Netflix has just made its biggest film purchase to date. The company has been making some very aggressive moves into feature film since fall of last year, but its latest buy sees the company going from “hey, we’re doing movies now” to “look out, we’re going to win Oscars.” Deadline reports Netflix bought the rights to True Detective director Cary Fukunaga’s African war drama Beasts of No Nation starring Idris Elba. The publication reports that the deal is around $12 million and will include theatrical rights for the streaming service as well as plans for a “vigorous” awards campaign come Oscar season next year.

Beasts of No Nation is based on the novel of the same title by Uzodimna Iweala about a young boy who joins a band of militant fighters when the civil war in a west African country tears his family apart. Idris Elba plays the warlord who takes in the child soldier and breaks the boy down, removing his humanity to make him into a great fighter. Fukunaga wrote the adaptation himself.

The brutal book was the Nigerian-American, Harvard-educated Iweala’s first novel, published when he was just 23 years old and fresh out of his undergraduate career. The book received glowing reviews for its unflinching look at the effect guerilla warfare has on a society and the way Iweala uses a sort of pidgin English to narrate through the young Agu’s perspective. “Only in art can so much be demanded — and given. Iweala shows Agu acting out the worst atrocities imaginable, but still we rush to forgive him,” said The New York Times’ review of the novel.

Just last month, the streaming service announced another film purchase that looks like it could draw attention come awards time. The war drama Jadotville will star Fifty Shades of Grey’s Jamie Dornan as the Irish commander Patrick Quinlan, and tells the true story of a 1961 siege of an Irish UN battalion by 3,000 Congolese troops. “The story of how Pat Quinlan led his troops against an overwhelming force without losing a single man is one of the great stories of the 20th century, and we are proud to be working with such a talented and committed team to bring it to life,” Netflix chief content officer Ted Sarandos said in a statement.
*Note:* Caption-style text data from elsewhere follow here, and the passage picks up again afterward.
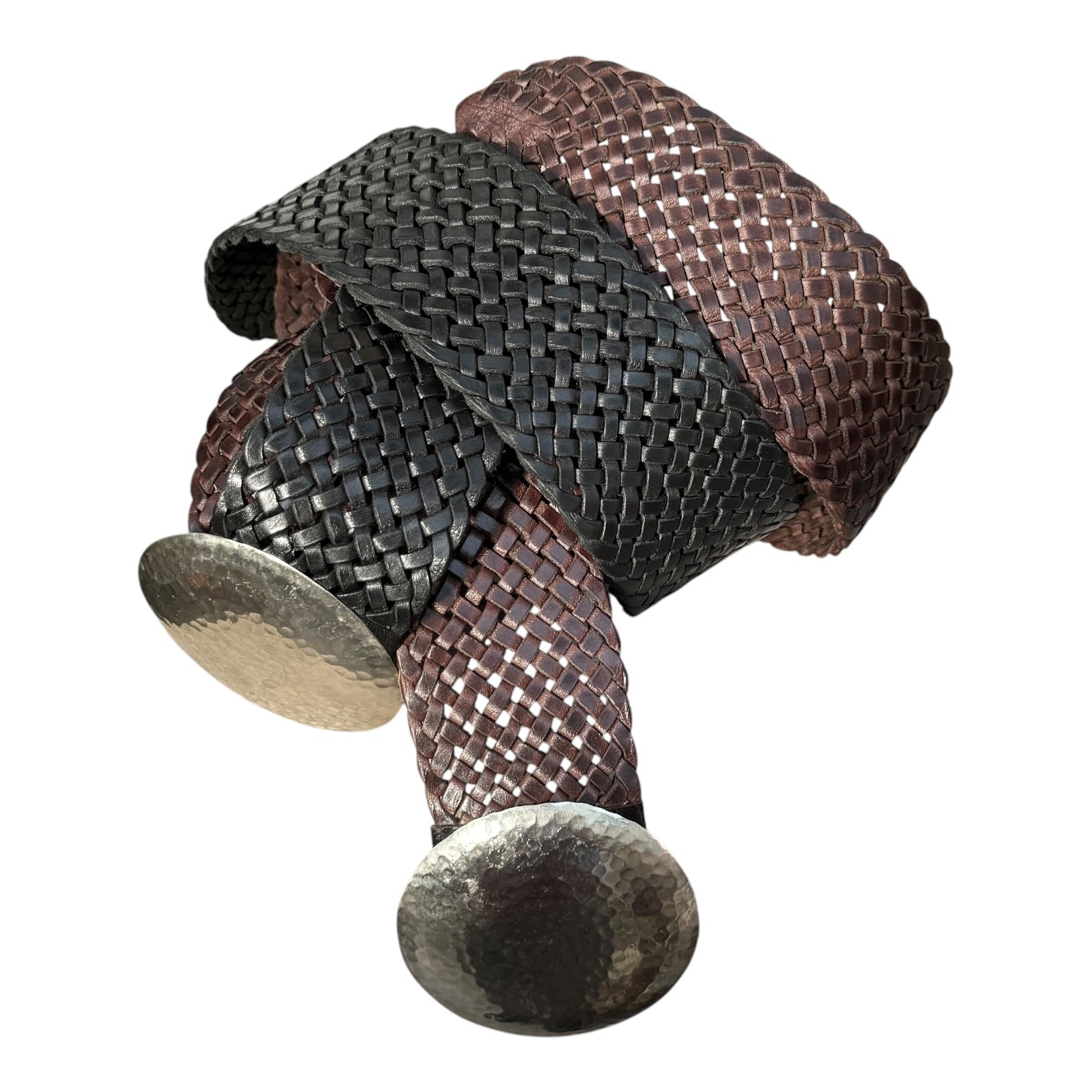 Wide Moroccan Braided Leather Belt with Silver Round Buckle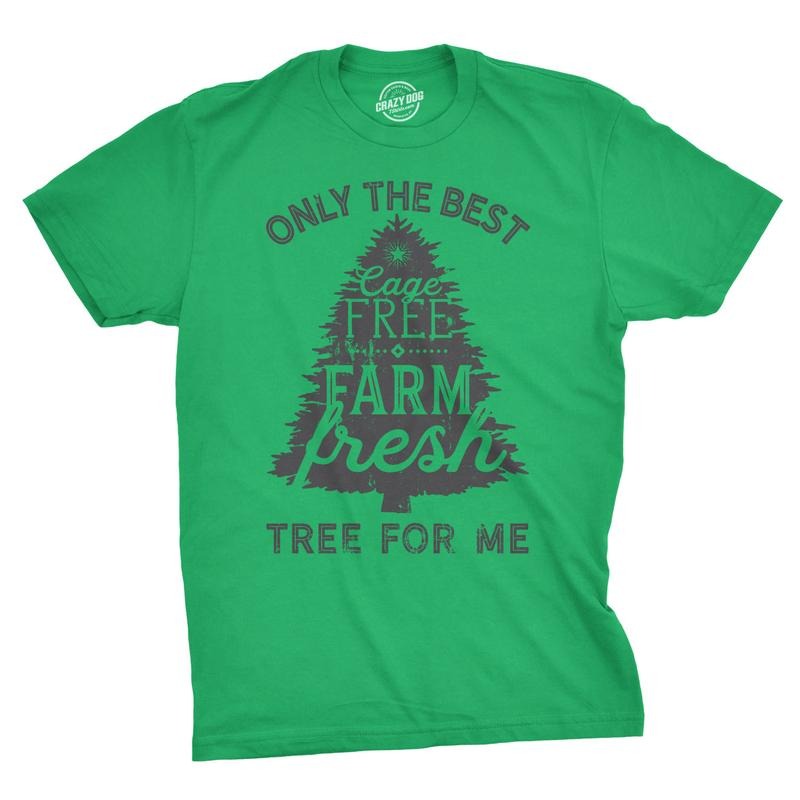 Mens Cage Fre Farm Fresh Tree T Shirt Funny Outdoors Christmas Tee For Guys Mens Funny T Shirts Cool Tees Soft Stylish Casual Menswear Christmas Apparel for Men Funny Camping Short Sleeve Novelty Tees Green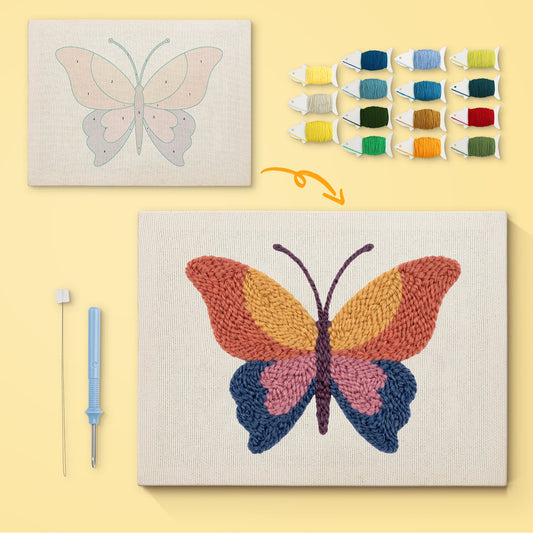 Colorful Butterfly - Punch Needle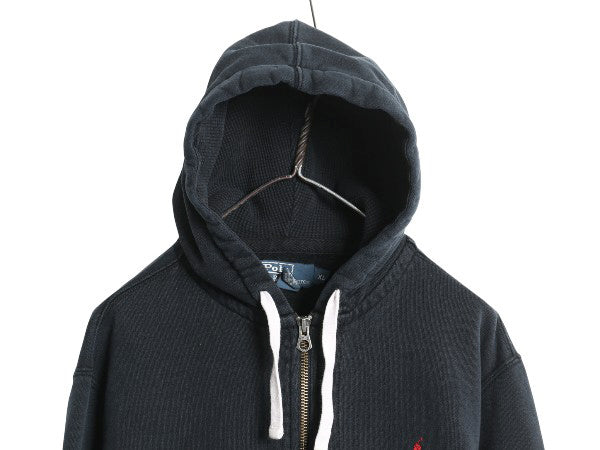 00s ポロ ラルフローレン フルジップ スウェット フード パーカー メンズ XL オールド トレーナー 裏起毛 ヘビーウェイト 大きいサイズ 黒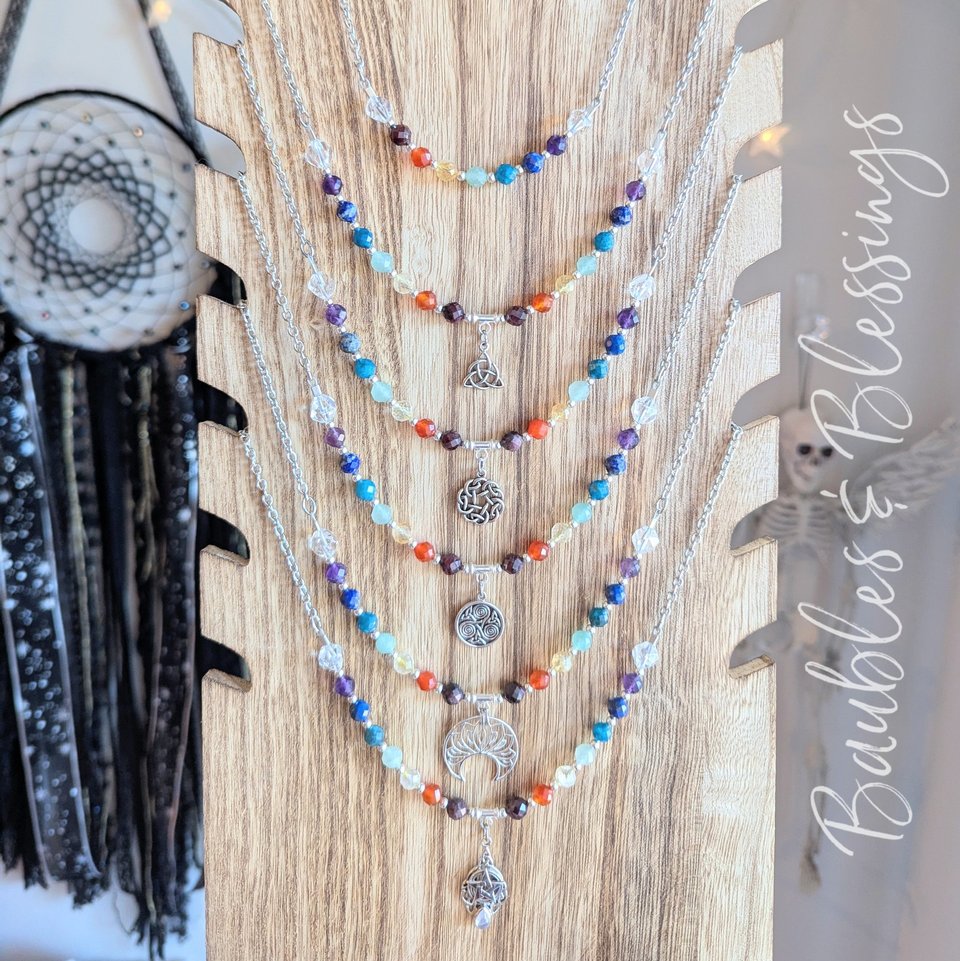 RESERVED for S: Chakra Necklace with Triquetra
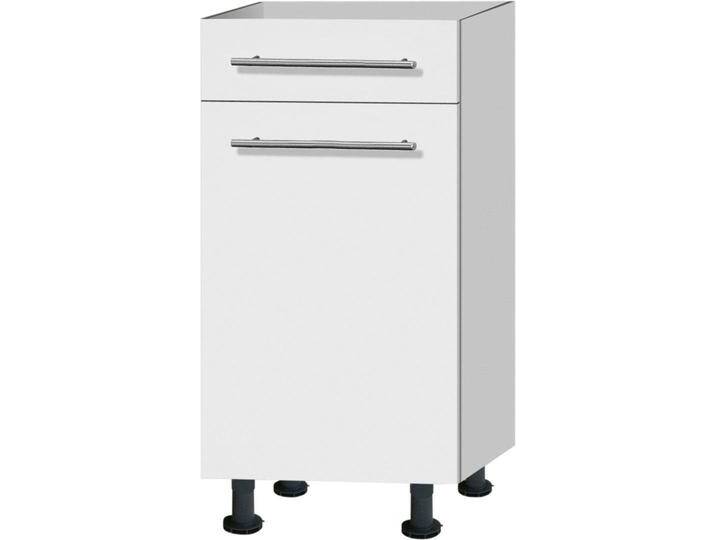 Unterschrank OPTIFIT Bern , weiß (weiß hochglanz, weiß), B:40cm H:87cm T:58,4cm, Schränke, 40 cm breit, mit Tür und Schubkasten, mit höhenverstellbaren Füßen von OPTIFIT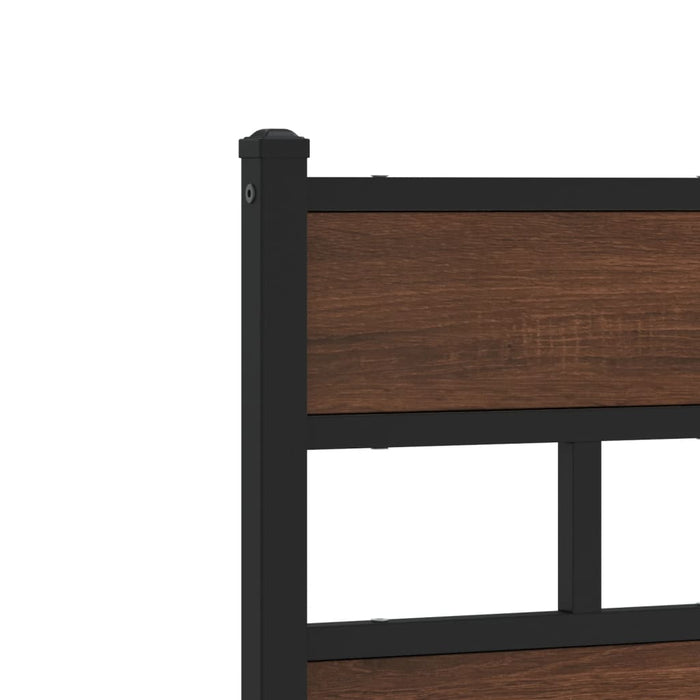 Headboard Brown Oak 120 cm Steel and Engineered Wood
Jadotville didn’t have people exactly screaming “Oscar,” but now with Beasts of No Nation, industry watchers are doing just that. It’s hard to believe it was just two years ago that Netflix won its first Emmys for its original political drama House of Cards, and people were wringing their hands about how the streaming service was disrupting television. Now Netflix is building itself into a major media empire with movies that it believes will compete both commercially — look at Adam Sandler’s four-movie deal as well as the Crouching Tiger, Hidden Dragon sequel — and critically, come awards season.